Smyrna All-State QB Henderson looks to build on title year

Nolan Henderson speaks with Smyrna offensive coordinator Mike Marks before overtime of the 2015 Division I football state championship game. (Delaware State News file photo)

Nolan Henderson speaks with Smyrna offensive coordinator Mike Marks before overtime of the 2015 Division I football state championship game. (Delaware State News file photo)

SMYRNA — It’s 92 degrees, the heat index is 103 and the sun is beating down on the Smyrna High football field, where Nolan Henderson has been for the last two hours wearing nothing but a pair of white shorts with a football in his hand.

He’s thrown hundreds of passes and just completed the last one of his workout — a perfectly placed ball for a fade route in the corner of the end zone. Henderson decides to make one more throw, firing a bullet that pings off the underside of the yellow goalposts behind the end zone to signify he’s done.

The 6-foot-1, 170-pound rising senior at Smyrna High walks back into one of the adjoining locker rooms, turns on a fan and stands in front of it for five minutes until it’s cool enough to put a shirt back on. He then treks across a parking lot to an air-conditioned room in the high school to meet with offensive coordinator Mike Marks to debrief.

Henderson is an All-State quarterback who has already won a state championship and committed to play QB for the University of Delaware this past week. But he hasn’t peaked yet, and these workouts with Marks are for a reason.

“I think the ceiling still hasn’t been reached with him, which is kind of scary,” Marks said. “He’s accomplished so much and I’m still proud of the work he’s putting in on a day-in and day-out basis. It’s that work that’s going to get him there.

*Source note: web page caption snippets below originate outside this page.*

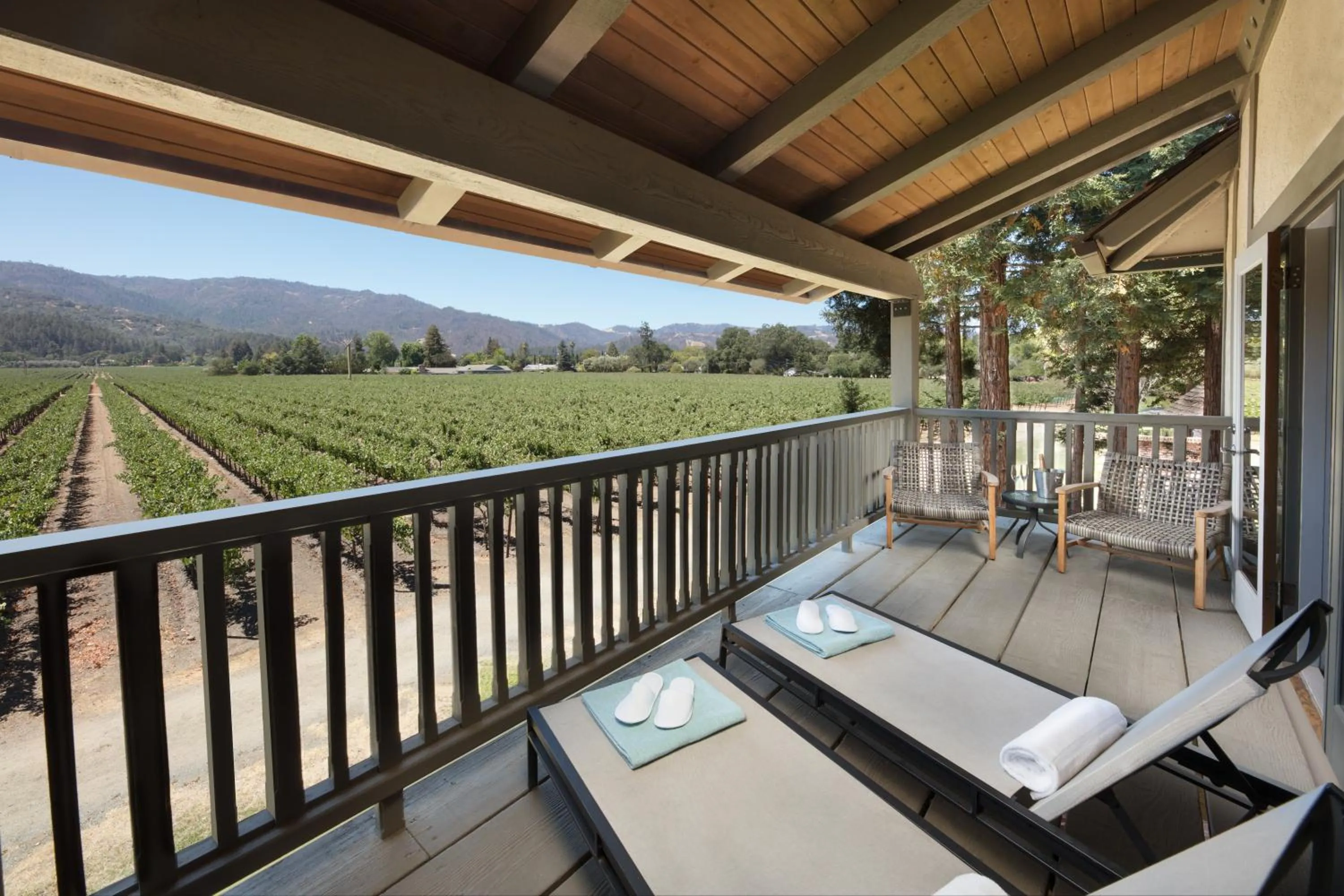 Patio in Harvest Inn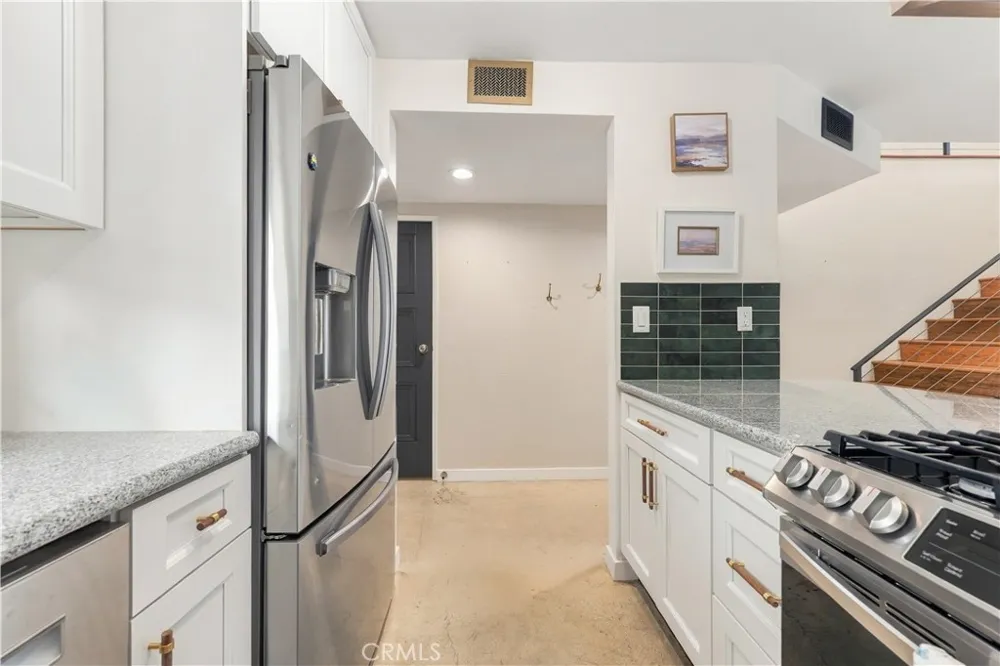 15207 Magnolia Boulevard #119 Sherman Oaks, CA 91403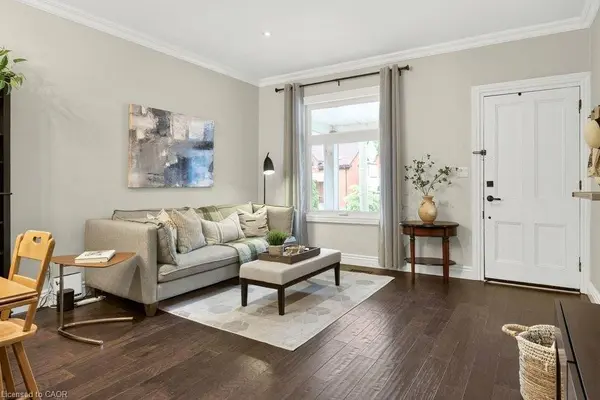 166 Young ST, Hamilton, ON L8N 1V8
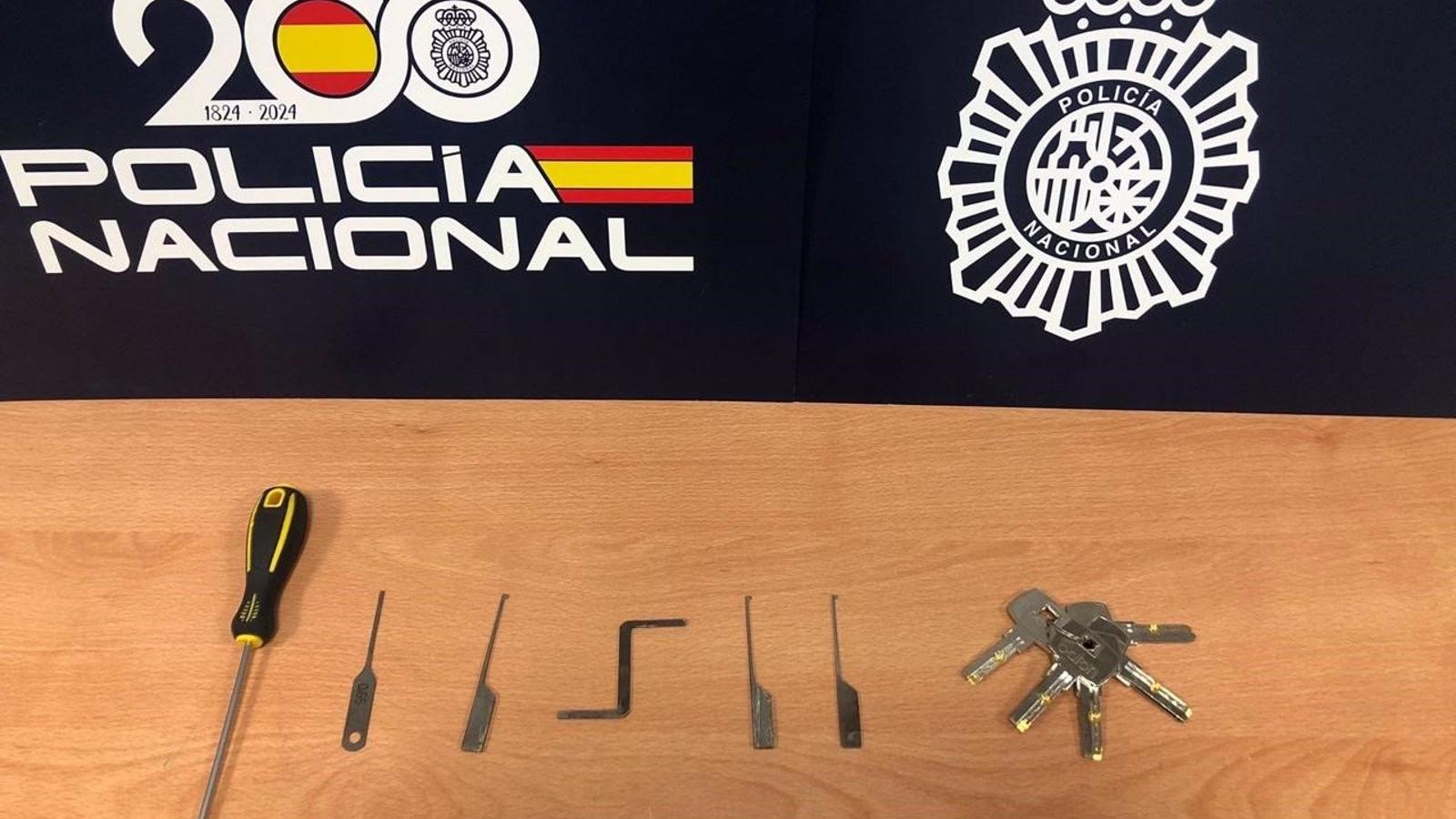 Detenidos dos hombres por intentar robar una casa en el distrito de Salamanca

“I think everybody is clear on the fact that he can play. Where he goes from here is completely dependent on the amount of work he puts into it.”

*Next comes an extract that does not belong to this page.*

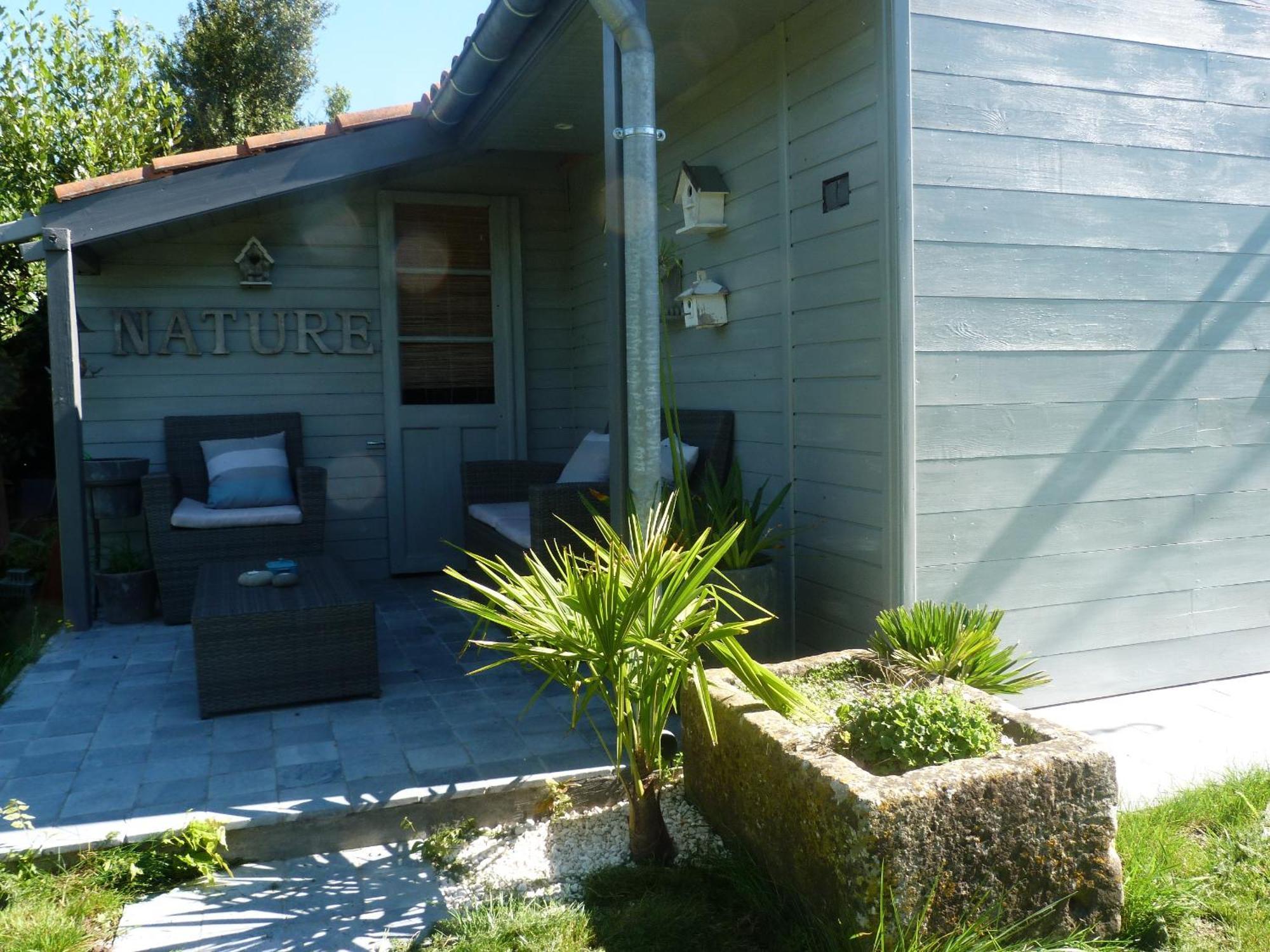 Les Persiennes Hotel Saintes Ruang foto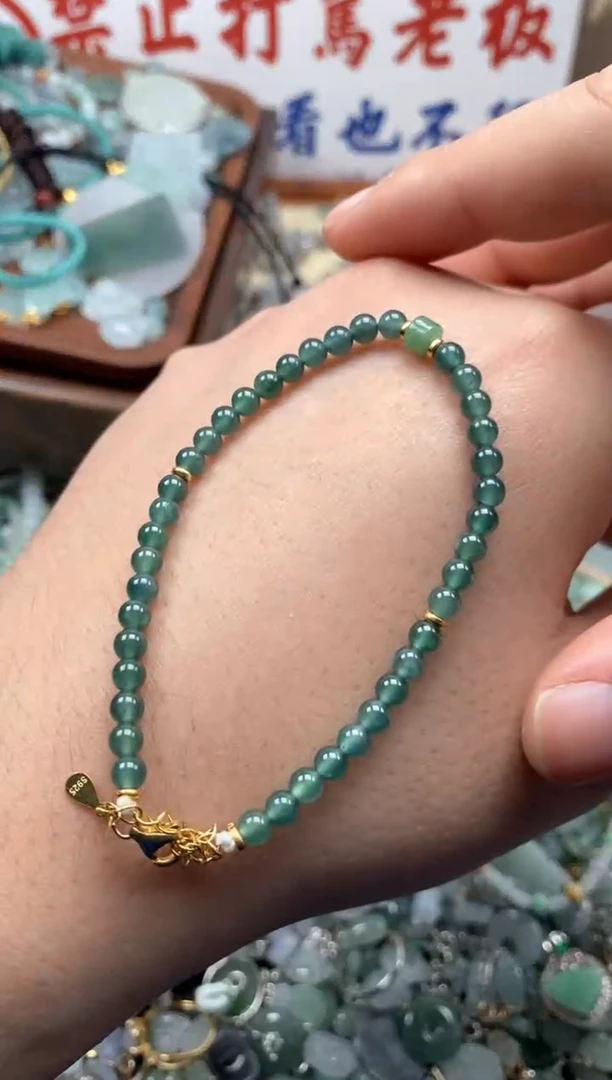 【闪购商品】翡翠颈饰未镶嵌哥哥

This is the first summer where Henderson has devoted all of his attention to football. In the past, he had played baseball over the summer with travel teams and playing for American Legion League team Middletown Post-25 a year ago.

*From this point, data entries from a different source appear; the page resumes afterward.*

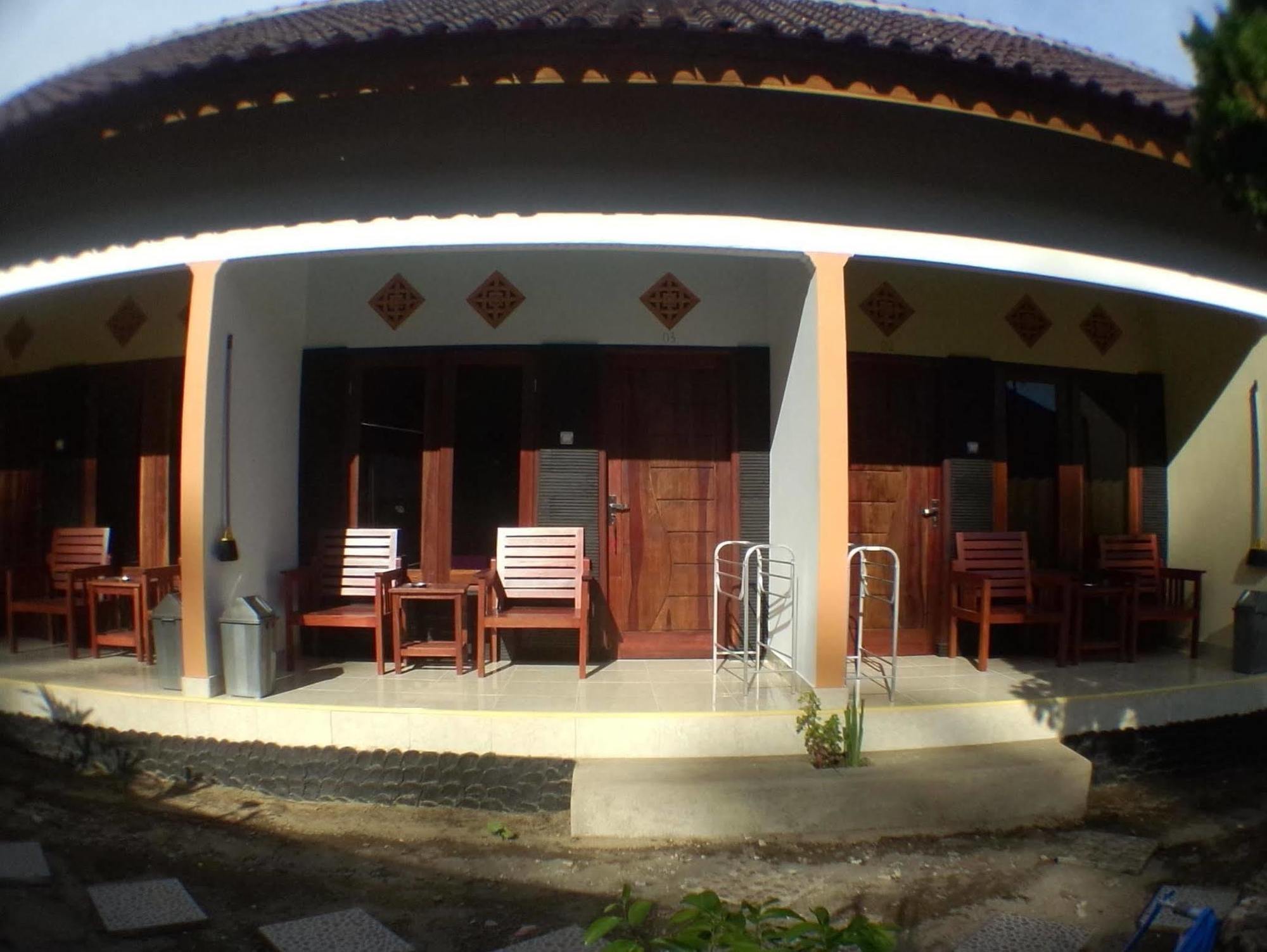 Family Garden Homestay Mangsit Exteriér fotografie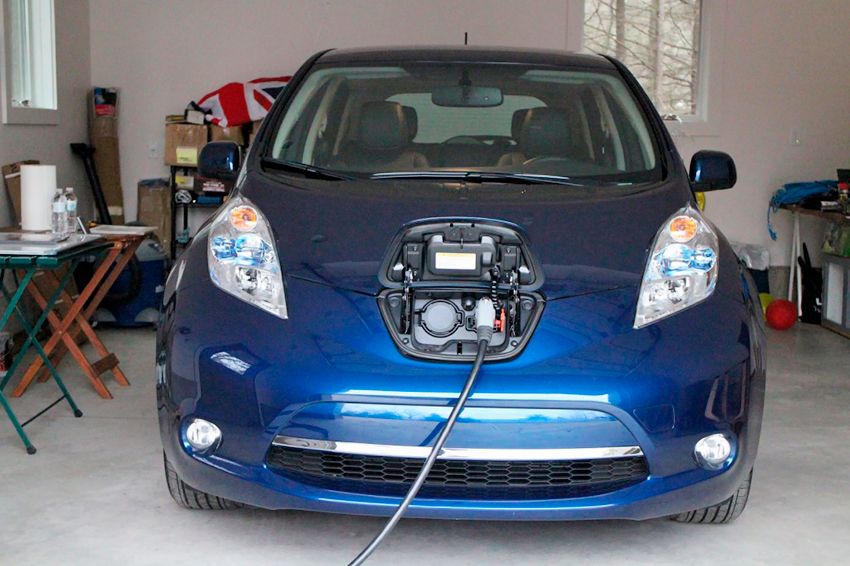 2016-nissan-leaf-sl-hudson-valley-ny-dec-2015.jpg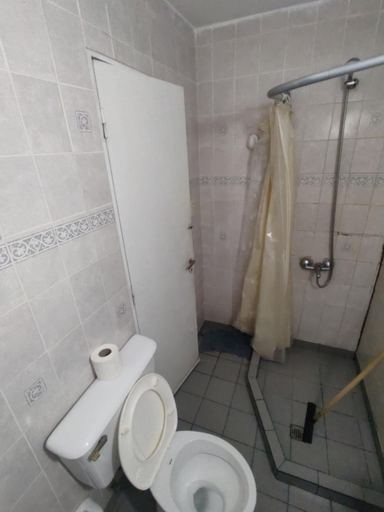 Others 3, Hostal Vampaya, Capital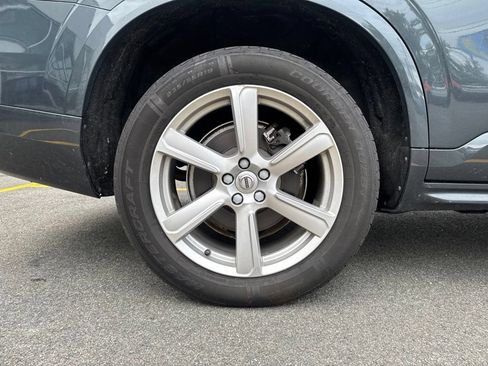 Used 2022 Volvo XC90 T5 Momentum AWD/4WD image 12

Henderson is also an All-State center fielder who, despite deciding he wants to play football in college, is still being recruiting by schools for baseball.

“I’ve always loved football more than I liked baseball,” Henderson said. “I’d much rather be playing football in the summer. I’m all in on football.”

No summer league baseball is just one of the differences in Henderson’s life nowadays.

His meteoric rise happened in conjunction with Smyrna’s transformation from Henlopen Conference doormat to state champion. He went from a relative unknown in Delaware high school football to one of its most recognizable faces.

Henderson was on the freshmen team in 2013 when Smyrna’s varsity slumped to a 2-8 season. As a sophomore, he made varsity but didn’t start the first game of the season.

It wasn’t until the second game of 2014 that Henderson was given the reins to the Eagles’ up-tempo, spread offense. Since then Smyrna is 17-5, including a combined 12-1 record in 2015.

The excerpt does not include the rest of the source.